DATA FOR ANALYSIS:
********
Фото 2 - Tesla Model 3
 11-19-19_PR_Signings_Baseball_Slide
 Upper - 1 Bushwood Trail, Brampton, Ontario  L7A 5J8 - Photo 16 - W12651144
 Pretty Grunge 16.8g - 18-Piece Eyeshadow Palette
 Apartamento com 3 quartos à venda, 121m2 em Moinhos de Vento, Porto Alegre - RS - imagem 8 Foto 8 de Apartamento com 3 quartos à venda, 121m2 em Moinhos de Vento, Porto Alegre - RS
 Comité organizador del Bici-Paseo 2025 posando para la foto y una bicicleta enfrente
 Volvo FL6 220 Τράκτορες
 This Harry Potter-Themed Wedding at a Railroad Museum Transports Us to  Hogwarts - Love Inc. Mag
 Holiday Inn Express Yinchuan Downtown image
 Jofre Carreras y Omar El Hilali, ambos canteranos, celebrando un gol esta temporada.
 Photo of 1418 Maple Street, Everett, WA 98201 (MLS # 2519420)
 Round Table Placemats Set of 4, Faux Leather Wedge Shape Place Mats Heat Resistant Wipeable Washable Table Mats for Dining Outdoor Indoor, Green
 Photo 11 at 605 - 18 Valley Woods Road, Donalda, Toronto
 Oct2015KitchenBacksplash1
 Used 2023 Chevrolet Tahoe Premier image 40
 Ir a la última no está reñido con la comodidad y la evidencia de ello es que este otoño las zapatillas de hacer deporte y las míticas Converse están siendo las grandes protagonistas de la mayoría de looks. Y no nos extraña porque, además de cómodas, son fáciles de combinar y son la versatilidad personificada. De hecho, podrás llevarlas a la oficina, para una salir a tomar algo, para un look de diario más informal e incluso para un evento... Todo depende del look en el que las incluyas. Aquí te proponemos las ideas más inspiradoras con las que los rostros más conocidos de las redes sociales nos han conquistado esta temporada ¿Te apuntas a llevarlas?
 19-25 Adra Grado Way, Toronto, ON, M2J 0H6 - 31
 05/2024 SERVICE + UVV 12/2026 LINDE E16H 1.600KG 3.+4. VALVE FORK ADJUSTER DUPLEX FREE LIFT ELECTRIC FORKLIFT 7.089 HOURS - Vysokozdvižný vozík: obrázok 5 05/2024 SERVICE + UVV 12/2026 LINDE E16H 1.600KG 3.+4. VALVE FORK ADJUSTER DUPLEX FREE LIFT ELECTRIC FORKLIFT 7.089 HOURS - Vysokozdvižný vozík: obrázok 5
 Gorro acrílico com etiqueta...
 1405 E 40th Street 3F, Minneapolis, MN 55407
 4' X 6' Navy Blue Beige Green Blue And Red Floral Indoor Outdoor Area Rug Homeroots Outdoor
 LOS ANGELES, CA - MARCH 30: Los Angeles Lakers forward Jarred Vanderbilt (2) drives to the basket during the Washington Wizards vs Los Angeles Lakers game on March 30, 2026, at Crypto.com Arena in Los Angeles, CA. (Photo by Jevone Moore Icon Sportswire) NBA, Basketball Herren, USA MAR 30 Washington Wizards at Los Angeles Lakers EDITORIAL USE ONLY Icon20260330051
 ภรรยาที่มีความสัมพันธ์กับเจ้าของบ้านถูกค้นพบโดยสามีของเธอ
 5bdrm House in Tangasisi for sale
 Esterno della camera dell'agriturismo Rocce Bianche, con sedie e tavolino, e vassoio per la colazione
********
EXERCISE OBJECTIVE: Write out every line in the data that holds the string "Outdoor".

ANSWER AREA:
 Round Table Placemats Set of 4, Faux Leather Wedge Shape Place Mats Heat Resistant Wipeable Washable Table Mats for Dining Outdoor Indoor, Green
 4' X 6' Navy Blue Beige Green Blue And Red Floral Indoor Outdoor Area Rug Homeroots Outdoor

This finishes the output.